** Opening Raw data block **

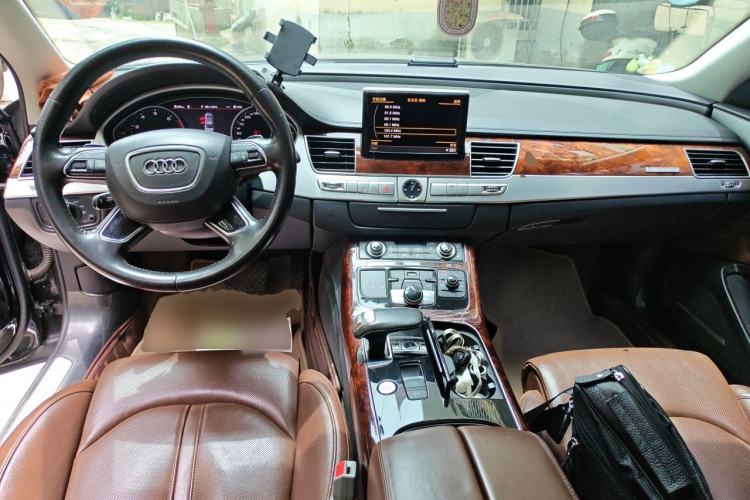 Used Audi A8 2011 A8L 3.0 TFSI quattro Luxury Edition (213kW) Center Console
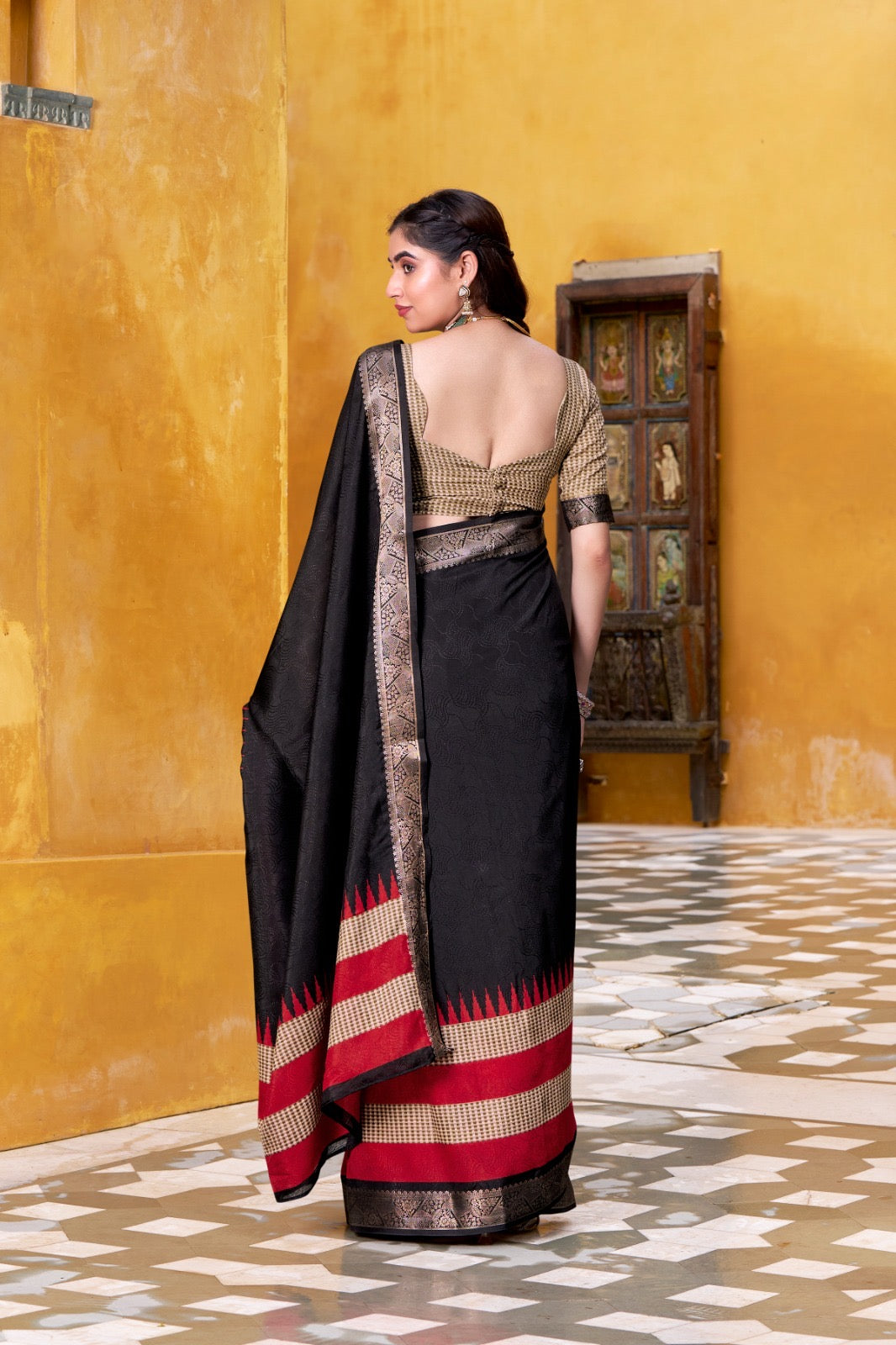 Classic Border Printed Saree
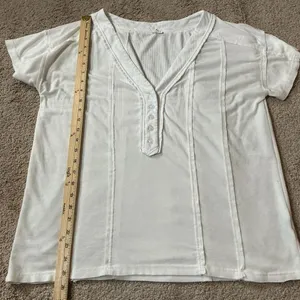 POL Short Sleeve V Neck Button Up Oversized Henley Tee Shirt White Ribbed Size S thumbnail 4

** Closing Raw data block **

Begin at the line that contains "Classic Border Printed Saree" and transcribe every line through the end of the listing, exactly as written. Omit the pictures.

■ Task solution
 Classic Border Printed Saree
 POL Short Sleeve V Neck Button Up Oversized Henley Tee Shirt White Ribbed Size S thumbnail 4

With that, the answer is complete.